DD:  If you look at the socio-economic issues, the exaggerated gap between rich and poor or even that muddy area once referred to as the middle-class, then yes. The prologue illustrates how Robert Winchester viewed The South he discovered. It was close to stubbing your toe on an otherwise perfect day, million dollar homes on the riverfront and five hundred yards away broken-down trailers lacking fresh running water, kids without shoes and their parents on welfare escaping it all with alcohol and unbridled drug use. There appears to be a great excuse for that: “it’s their way of life.” I find that statement blinkered; like plow horses we simply accept what we think we can’t change and yet education and the provision of simple safety nets could do away with many of these issues, predominantly when it comes to basic needs, especially when we are talking about children not just adults; still this is often a national, particularly rural issue, not merely a Southern one.

AM:  Am I correct that this novel is based in part on your research into actual crime, murder, poverty, corruption, and drug rings in Florida?

DD: Much was gleaned from close personal experience, actually living in the midst of it all; to a great extent the core story is based on true events.

AM:  The tone of Deep and Dirty—which is appropriately titled, by the way—is established right away as a student on the school bus discovers a dead body.

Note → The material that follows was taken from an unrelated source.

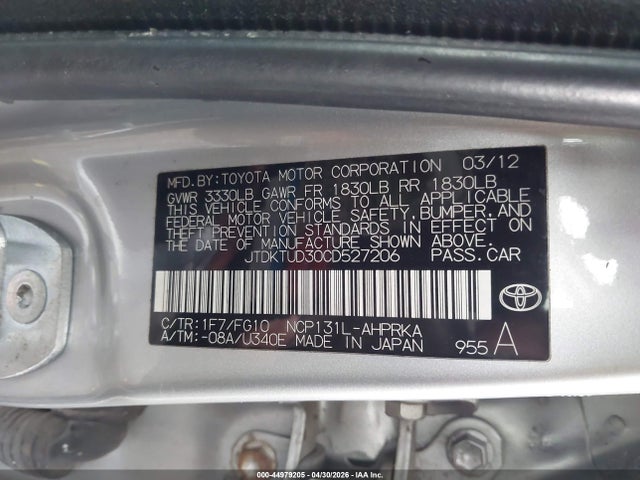 Aukcja sprzedaży 2012 Toyota Yaris Le, vin: JTDKTUD30CD527206, numer aukcji: 44979205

Readers are then taken along in investigatory fashion to discover unsavory figures, backwoods secrets, drug dealers, guns, and more as the dots get connected and facts come to light. You don’t happen to have a law enforcement background, do you?

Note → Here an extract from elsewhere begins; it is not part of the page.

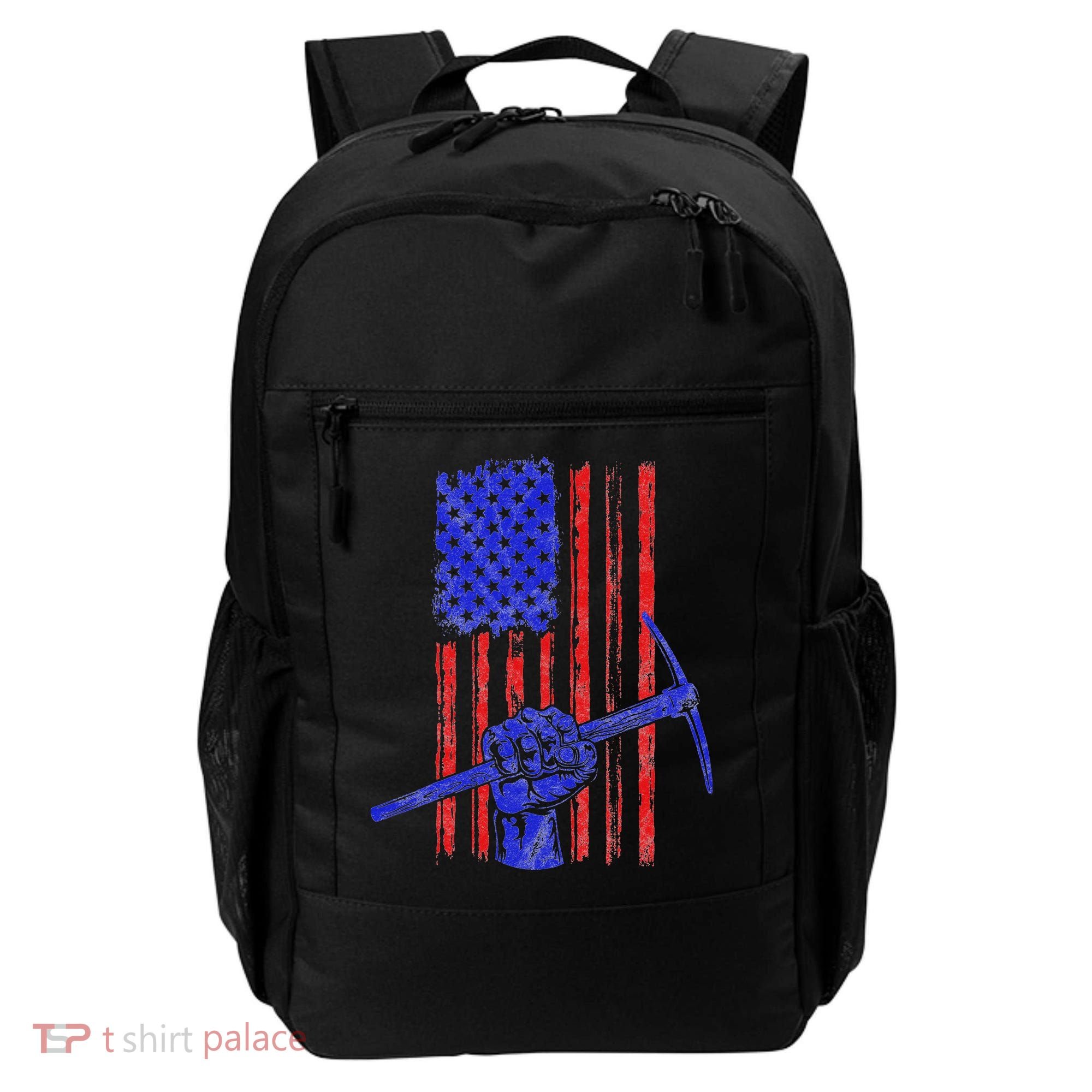 Miner American Flag Mining Gift Pick Usa Patriotic Backpack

DD: Only a close alliance with law enforcement at a grass roots level.

AM:  You intend this book to be the first in a series, right? A series involving the character Robert Winchester.

DD: Yes, that is correct. The second book called Deep Within, recently completed, takes Robert Winchester into the dangerous and objectionable heart of one of the largest drug syndicates; the third book is in the works.

AM:  We hear a lot about the opioid crisis these days. Something like 130 people per day die because of opioids in the United States. What do you think the solution is?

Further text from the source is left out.